Niektórzy montują w swoich domach klimatyzatory myśląc, że to świetne rozwiązanie na letnie upały. Jednak większość klimatyzatorów zasadniczo, nie służy do wymiany powietrza na świeże, ale raczej do schłodzenia powietrza, które krąży w naszych pomieszczeniach. Powietrze w domu jest niestety zawilgocone od naszego oddychania, od gotowania, kąpieli itp.. W nowo wybudowanych domach, dodatkowo mogą przez jakiś czas uwalniać się substancje szkodliwe, pochodzące z farb, lakierów i innych materiałów budowlanych. Skutek jest taki, że w domu zaczyna pojawiać się pleśń i grzyb.
Dlatego najlepszym rozwiązaniem byłoby już na etapie kupna projektu, pomyśleć o zaprojektowaniu rekuperacji w naszym domu. Rekuperator wraz z systemem rur rozprowadzonych pod ziemią stale wymienia nasze powietrze na świeże. Powietrze przechodząc, przez specjalny system rur GWC, zakopanych na odpowiedniej głębokości pod ziemią, latem jest schładzane, a zimą dzięki naturalnej temperaturze pod gruntem, ogrzane, z mroźnego, aż do temperatury kilku stopni powyżej zera.
Sam rekuperator instalowany jest już wewnątrz budynku. Posiada on wentylator nawiewny i wywiewny. Ogrzewa powietrze napływające do domu, ciepłem pochodzącym z powietrza wywiewanego z domu. To znacznie obniża koszty ogrzewania zimą.

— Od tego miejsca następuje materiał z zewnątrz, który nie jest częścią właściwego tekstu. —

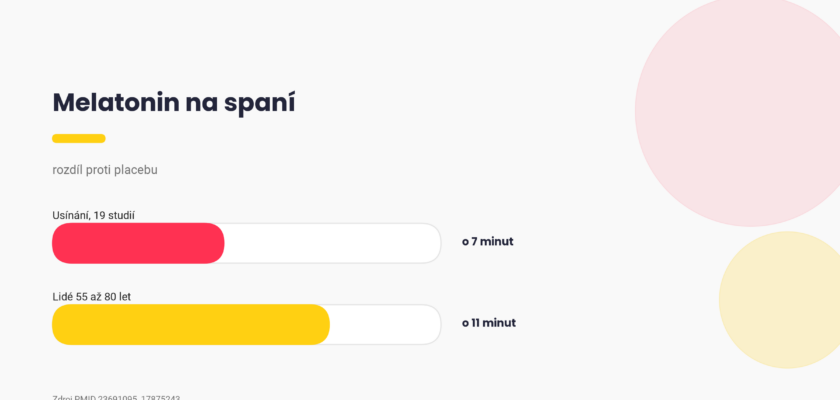 Melatonin na spaní, rozdíl proti placebu v minutách, graf Pixone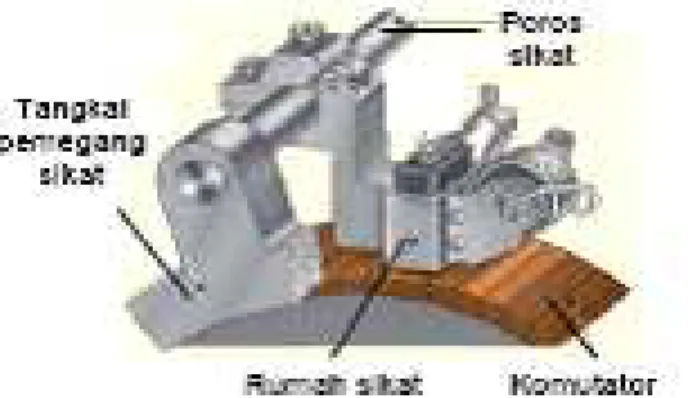 Gambar 1.Stator Motor DC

Chociaż koszt założenia u siebie Rekuperatora wraz z systemem rur GWC jest dość drogi, to jednak oznacza to oszczędność 20-30% kosztów ogrzewania. Dodatkowo mamy w domu zdrowe, osuszone z wilgoci i oczyszczone z zanieczyszczeń powietrze, co bardzo sprzyja naszemu zdrowiu. Wniosek nasuwa się więc sam - warto zainwestować pieniądze w rekuperacje.